Furthermore, the Court cited M/s Innoventive Industries Ltd. vs. ICICI Bank , where the Supreme Court had noted that Section 238 of the IBC was drafted in the "widest possible terms" to ensure no other law could impede the insolvency resolution process.
This judgment has far-reaching implications for all stakeholders in the insolvency ecosystem:
For Auction Purchasers: It provides a significant layer of security and certainty. Bidders can now participate in liquidation auctions with greater confidence, knowing that they will not be ambushed by unforeseen historical liabilities like statutory dues. This encourages more robust bidding and helps in achieving better value for the assets of the corporate debtor.
For Creditors: By facilitating cleaner and more attractive sales, the ruling indirectly benefits the entire pool of creditors, as higher sale proceeds mean a larger pot for distribution as per the waterfall mechanism under Section 53 of the IBC.
For Electricity Distribution Companies (Discoms): The decision serves as a clear directive. Discoms and other statutory creditors cannot stand outside the IBC process and use their independent statutory powers to strong-arm new owners. They are recognized as operational creditors and must submit their claims to the liquidator and await distribution according to the prescribed priority. The Court noted that since PVVNL had already participated in the liquidation proceedings, it "could not avail two reliefs at the same time."
In its final order, the Allahabad High Court quashed PVVNL's demand and directed the utility to expeditiously install a new power connection at the petitioner's premises. The court reiterated that PVVNL's remedy for recovering its dues lies with the liquidator, within the confines of the IBC's waterfall mechanism.
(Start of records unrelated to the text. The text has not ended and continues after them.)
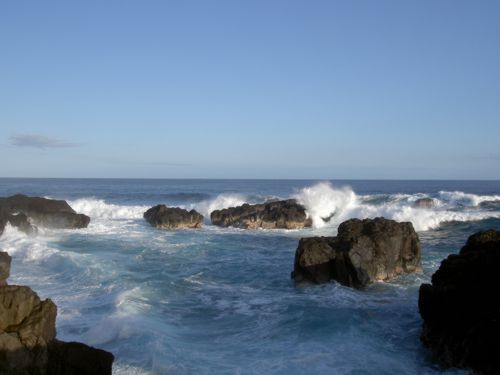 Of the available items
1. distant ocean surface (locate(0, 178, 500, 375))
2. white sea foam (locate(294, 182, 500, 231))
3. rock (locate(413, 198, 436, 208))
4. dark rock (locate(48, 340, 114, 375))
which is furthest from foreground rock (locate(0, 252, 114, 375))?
rock (locate(413, 198, 436, 208))

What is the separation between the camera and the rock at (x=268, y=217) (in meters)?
34.3

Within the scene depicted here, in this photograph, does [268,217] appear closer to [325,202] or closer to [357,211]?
[325,202]

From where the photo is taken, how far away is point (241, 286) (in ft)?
58.3

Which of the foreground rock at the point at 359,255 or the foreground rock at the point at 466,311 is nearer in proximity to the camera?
the foreground rock at the point at 466,311

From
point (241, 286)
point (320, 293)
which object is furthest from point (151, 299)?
point (320, 293)

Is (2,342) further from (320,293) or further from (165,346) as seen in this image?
(320,293)

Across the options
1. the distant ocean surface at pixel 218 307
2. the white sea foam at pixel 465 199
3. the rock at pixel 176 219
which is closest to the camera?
the distant ocean surface at pixel 218 307

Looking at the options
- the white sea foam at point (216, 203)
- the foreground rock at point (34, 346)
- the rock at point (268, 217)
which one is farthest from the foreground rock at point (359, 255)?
the white sea foam at point (216, 203)

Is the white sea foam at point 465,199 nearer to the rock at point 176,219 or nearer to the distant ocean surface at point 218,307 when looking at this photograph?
the distant ocean surface at point 218,307

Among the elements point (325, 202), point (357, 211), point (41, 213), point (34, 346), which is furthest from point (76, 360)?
point (357, 211)

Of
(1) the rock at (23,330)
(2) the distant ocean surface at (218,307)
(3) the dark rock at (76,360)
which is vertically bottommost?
(2) the distant ocean surface at (218,307)

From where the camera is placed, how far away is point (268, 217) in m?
34.4

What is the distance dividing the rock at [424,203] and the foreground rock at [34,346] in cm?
4104

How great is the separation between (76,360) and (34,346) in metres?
0.73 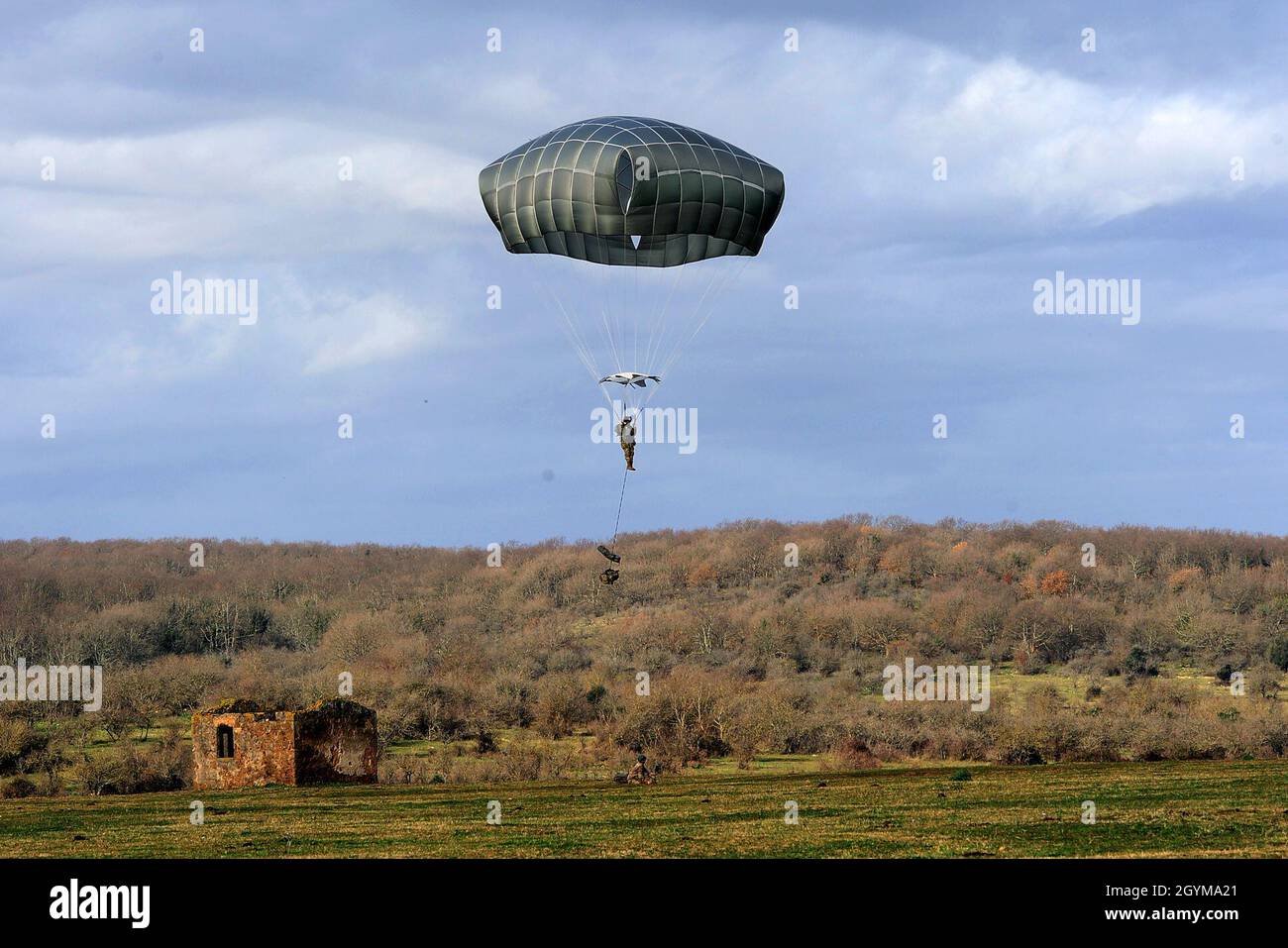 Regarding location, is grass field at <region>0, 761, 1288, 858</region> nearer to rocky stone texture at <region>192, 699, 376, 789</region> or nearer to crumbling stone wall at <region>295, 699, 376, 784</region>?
rocky stone texture at <region>192, 699, 376, 789</region>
This judgment is a robust affirmation of the IBC's status as a complete and overriding code for insolvency resolution and liquidation. By preventing statutory bodies from creating a "super-priority" for their claims outside the IBC framework, the Allahabad High Court has protected the integrity of the liquidation process and reinforced the legislative intent behind the IBC: to provide a predictable, efficient, and conclusive mechanism for dealing with corporate failure.